Sunderland has a proud history in shipbuilding and coalmining, however the city is now looking forward to a digital future. Tech City recently visited the North East on its tour around the UK promoting the Tech Nation 2017 results.
There was some positive news for the area, with Sunderland recording the highest growth in the North East and fourth highest nationwide. As a city we also achieved a 101% growth in digital business turnover.
The report named Wearside as the fourth highest in digital technology job growth. According to a study carried out by Tech Nation, the city’s growth from 2011 to 2015 was 49%, ahead of cities such as Edinburgh, Southampton and Liverpool. Digital technology jobs in Sunderland currently stands at 5,742 with the average advertised digital salary being £38,895. Sunderland also saw a 101% rise in digital business turnover between 2011 to 2015 and an 18% increase in the number of digital technology businesses in the city, with 46 new startup births each year. The digital growth optimism for Sunderland hit 81%, ahead of London and was only beaten by Edinburgh, Leeds and Manchester.
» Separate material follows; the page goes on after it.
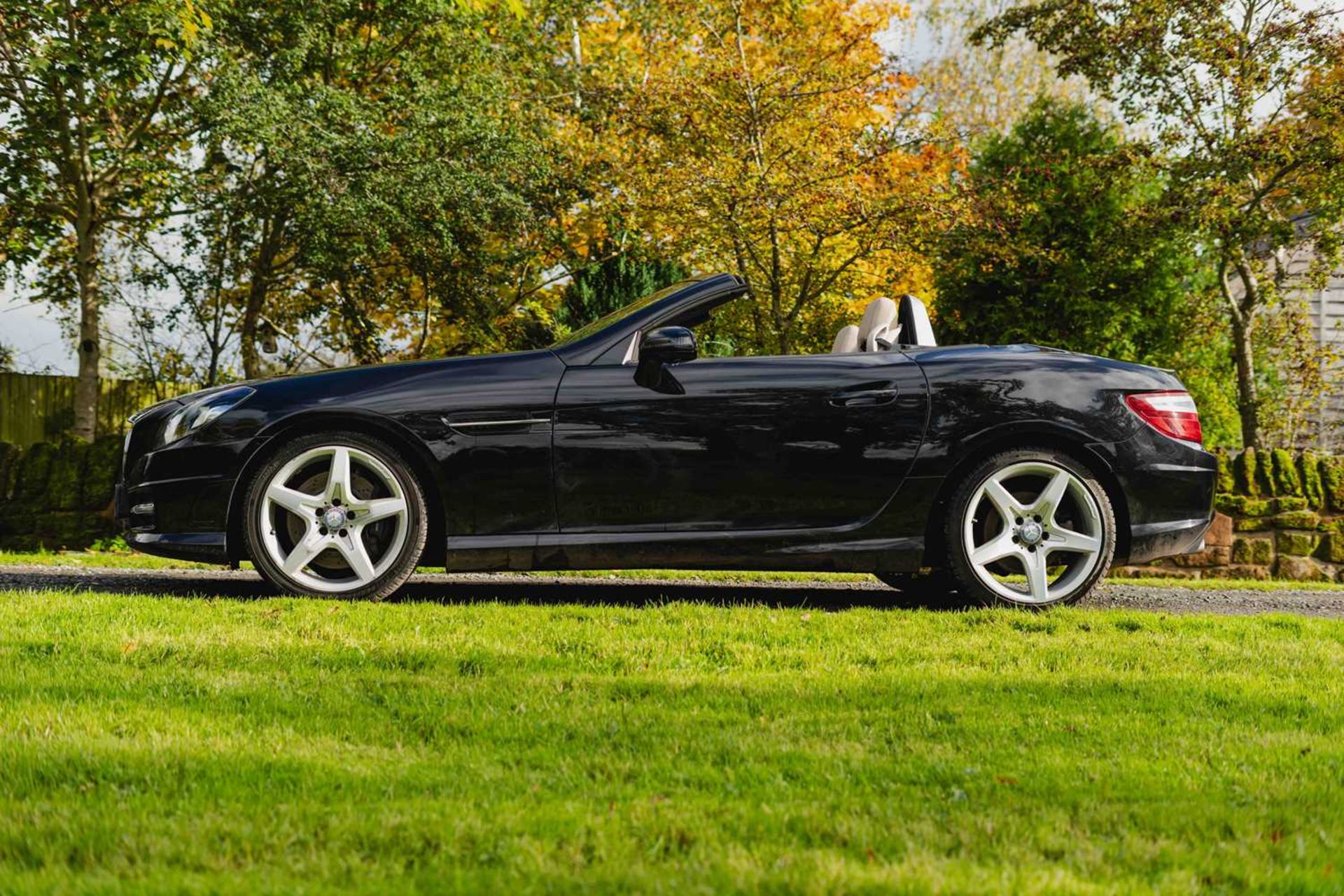 2015 Mercedes SLK200 AMG Sport A genuine two-keeper, 35,950 miles example, complemented by full serv - Image 6 of 69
So, why has Sunderland become a hotbed for digital technology growth? We spoke to Chris Lee, director at CCS – Talking Business. CCS hold national clients such as Nike, Puma, Iceland and Hays Travel from their offices at Comms House, Hylton Road. Chris said, “To be placed ahead of key cities such as Edinburgh and Liverpool for digital growth is fantastic and it is great to see Sunderland gaining the recognition it deserves when it comes to our success in the sector.
“As a city, we have countless success stories and with optimism high amongst the digital business community, the industry in Wearside is going from strength-to-strength.”
However, there were a few concerns in the report that could hinder Sunderland’s growth in the digital technology field. 49% of digital businesses in Sunderland said the biggest growth challenge was finding highly skilled workers – according to the report when asked to rate the talent supply as good – Sunderland only achieved 22%, Newcastle achieved the same score whilst Middlesbrough topped the North East table with 38%. Cambridge and Oxford unsurprisingly led the way with 72% and 54%, respectively. It was discussed at the conference that this lower score could be down to a lack of interaction between North East universities and the local business community.
It was also suggested that educational institutes need to truly understand what a business really needs from graduates and vice versa. Other growth challenges for Sunderland tech businesses were low levels of awareness of the local digital industries, with 29% rating the poor transport infrastructure as a problem and finally 26% of digital tech businesses believe limited investment opportunities are a growth challenge.
In the main it was a largely positive report for Wearside and if the current trends continue we should see a further rise in the number of digital technology businesses making Sunderland their home – an exciting prospect for our city.
We have a huge wealth of digital technology knowledge and experience in Sunderland and it is time that we claim its rightful position a true leader in the digital sector.